In the 2008 pre-race ceremony, crew members and Mdr. Benjamin Pearson, commanding officer of the ballistic missile submarine USS Kentucky, walked this wreath of roses to the track. The Derby is frequently referred to as "The Run for the Roses." The tradition of roses allegedly originated in 1883 when a New York socialite presented roses to female guests at a post-Derby party attended by the founder of Churchill Downs.
Hats are Part of the Tradition for Ladies on Derby Day
Churchill Downs is a Mecca for fancy hats on Derby Day, when ladies don their finest headwear for the day. There's no doubt that shops have a flurry of activity prior to the big day. Most men also wear a far more formal look than for other sporting events. Stylish ticket-holders usually enjoy the race's signature cocktail, Kentucky's own mint julep, the recipe of which is here.
While the grandstand is all about fancy hats and three-piece suits, the infield at Churchill Downs becomes one giant tailgate party. With an anything goes attitude, the revelries here are thought to rival those of Mardi Gras. If you're watching the derby with kids, there's an infield section geared toward families as well.

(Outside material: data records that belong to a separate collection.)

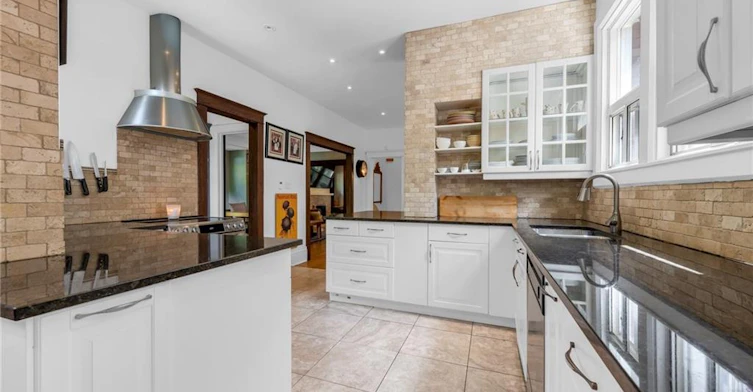 110 Melrose Avenue S, Hamilton, ON, L8M 2Y8 - 12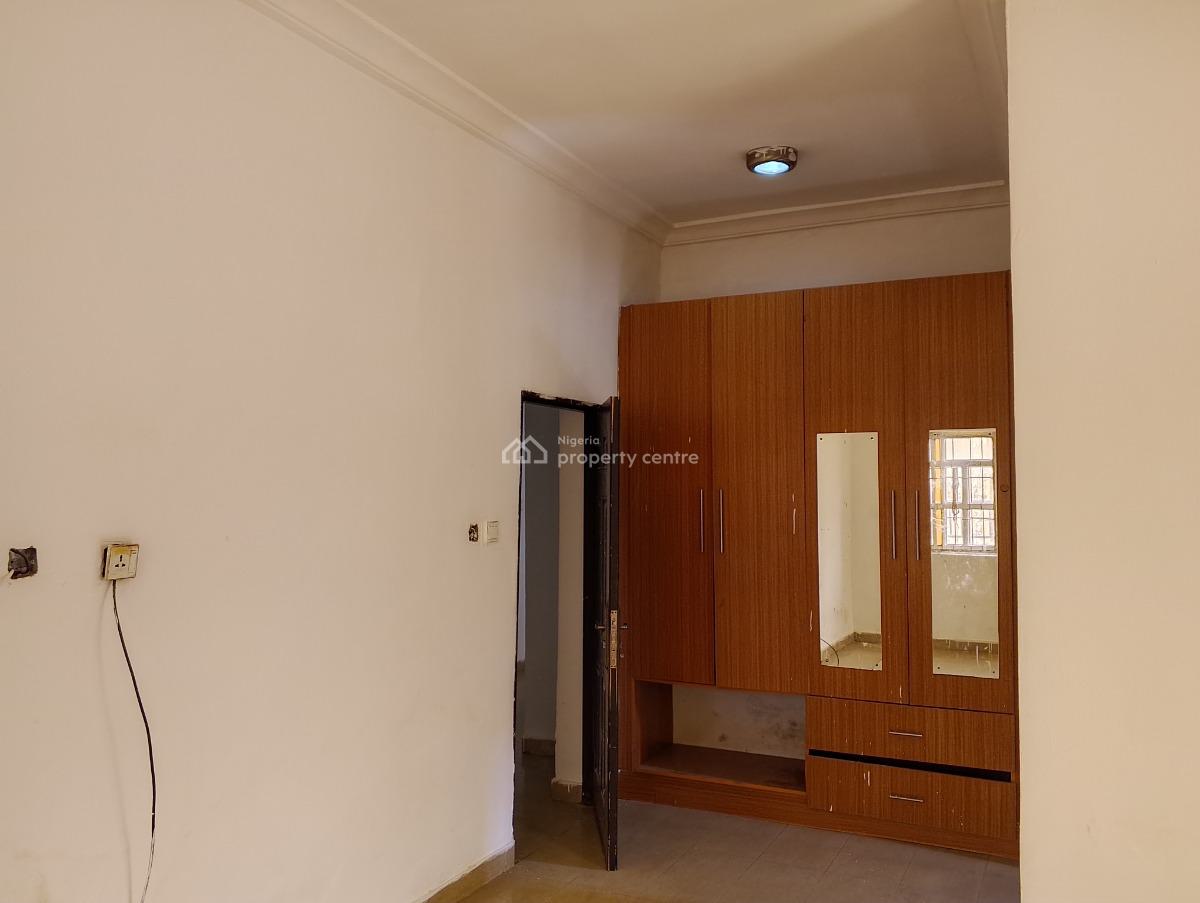 3 Bedrooms Flat, Nnaemeka Kalu Street, Durumi, Abuja, Flat / Apartment for Rent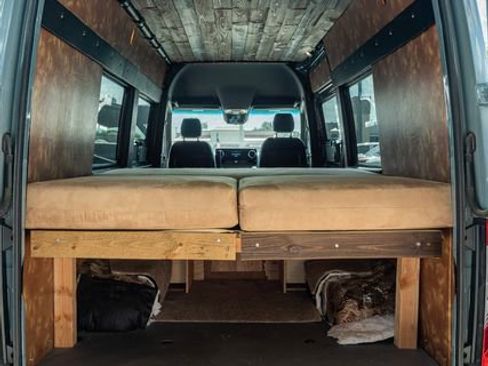 Used 2023 Mercedes-Benz Sprinter 3500 image 16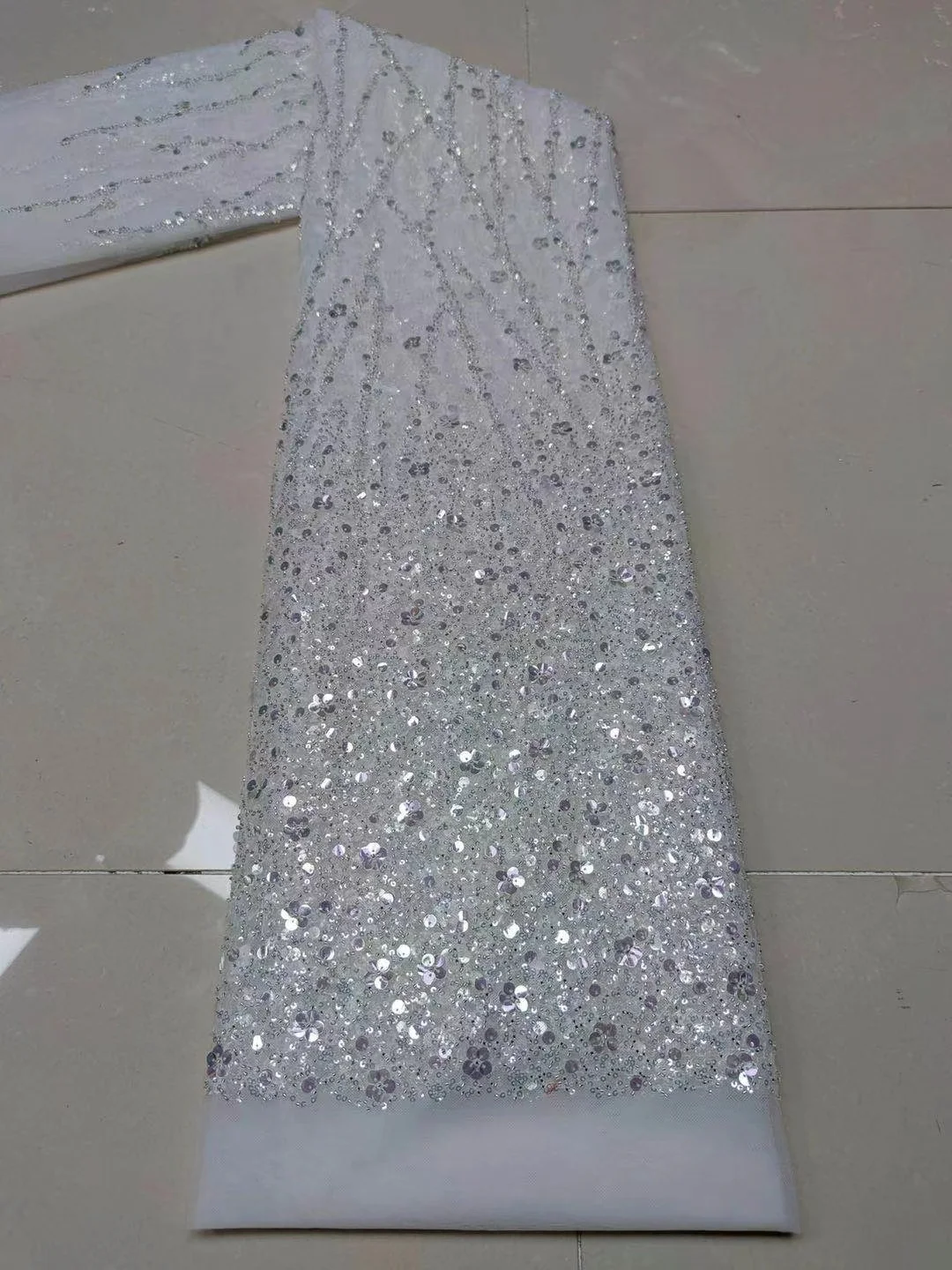 2022 African Fashion High Quality Crystal Sequins Lace Fabric French Handmade Beaded Tulle Lace For Women Birthday Party Materia
2022 African Fashion High Quality Crystal Sequins Lace Fabric French Handmade Beaded Tulle Lace For Women Birthday Party Materia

The Kentucky Derby is also called The Race for the Roses, and here's why . . . the winning horse is draped with a lush blanket of 554 roses to celebrate the win. This wonderful photogenic (and fragrant) component of the race has helped its renown.
If you can't make the big event, you can still get a taste of Kentucky Derby heritage with a visit to the Kentucky Derby Museum at the Churchill Downs. Learn all about the history of the race, admire the gallery of derby fashion and experience the trill of the race on a derby simulator.